* **AIM OF THE TASK**: Your task is to return the span of lines beginning at the one with "Just a reminder" and ending at the last line of the data, exactly as it stands.

Content starts

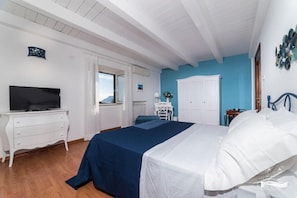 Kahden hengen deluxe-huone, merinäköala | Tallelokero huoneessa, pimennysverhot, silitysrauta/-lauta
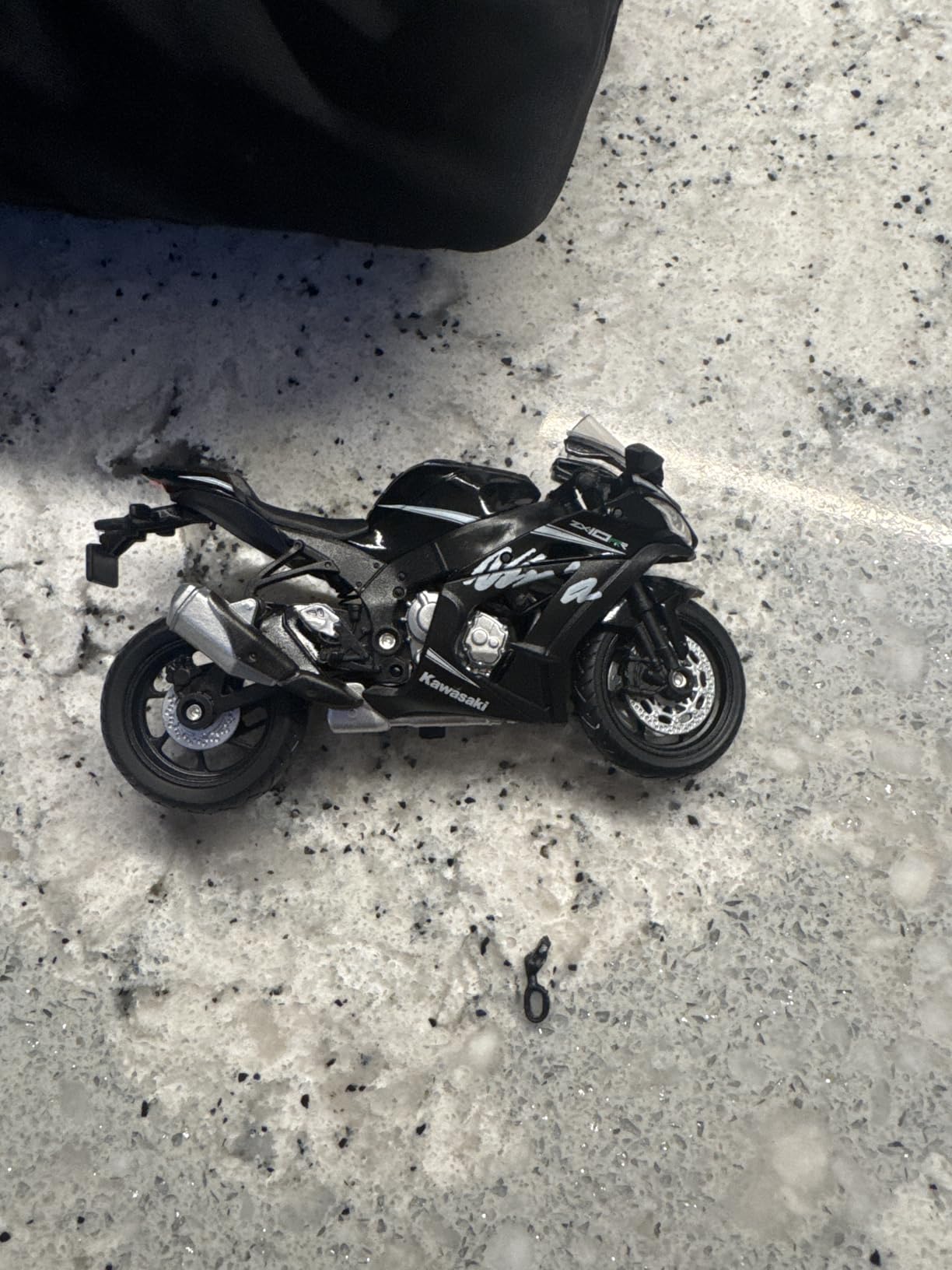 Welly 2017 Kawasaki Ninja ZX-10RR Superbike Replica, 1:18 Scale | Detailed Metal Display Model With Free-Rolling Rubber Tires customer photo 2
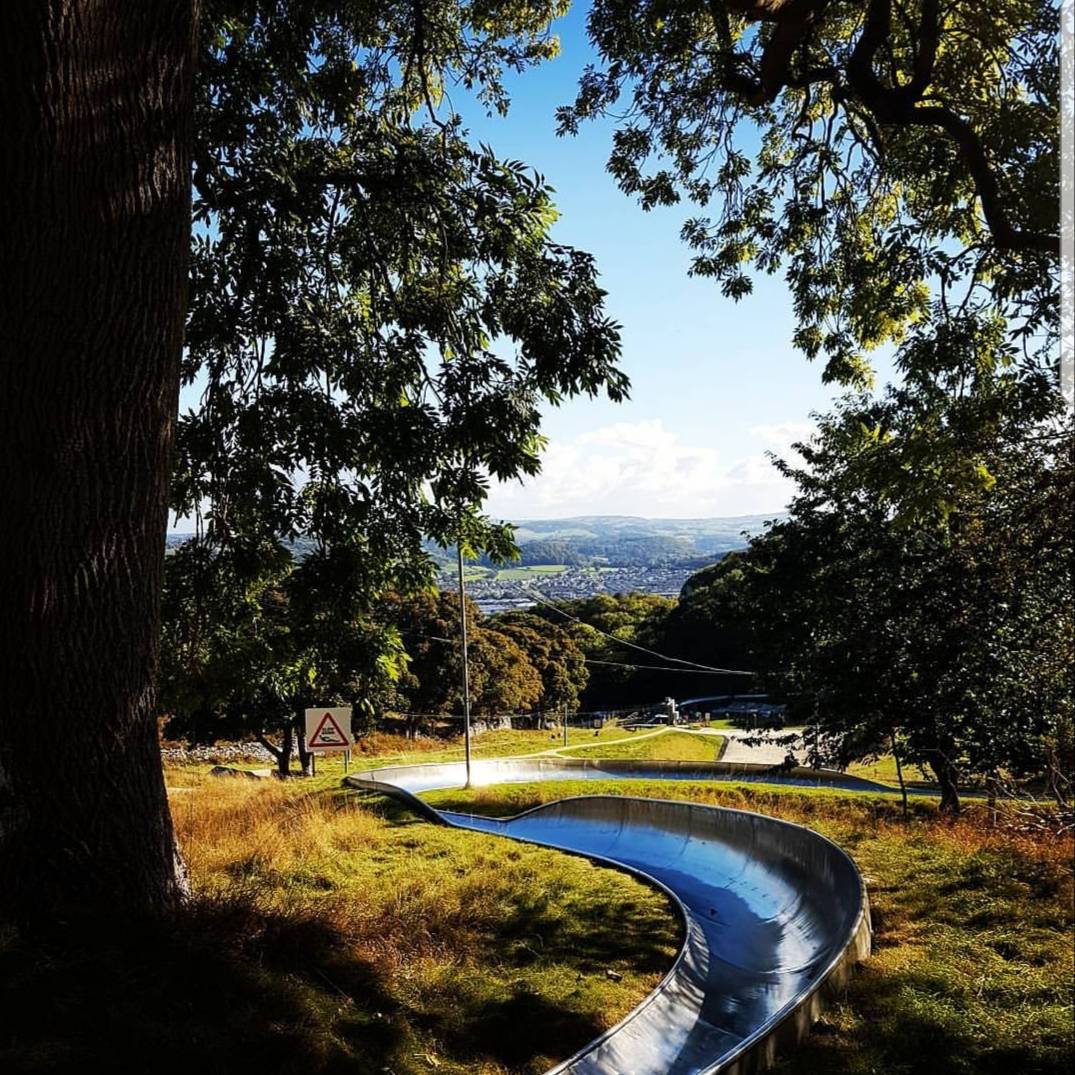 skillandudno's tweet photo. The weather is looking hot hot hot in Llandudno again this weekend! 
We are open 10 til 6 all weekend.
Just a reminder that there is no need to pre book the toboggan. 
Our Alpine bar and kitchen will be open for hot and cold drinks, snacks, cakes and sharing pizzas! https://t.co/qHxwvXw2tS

Content ends

* **RESULT FOR THIS EXERCISE**:
Just a reminder that there is no need to pre book the toboggan. 
Our Alpine bar and kitchen will be open for hot and cold drinks, snacks, cakes and sharing pizzas! https://t.co/qHxwvXw2tS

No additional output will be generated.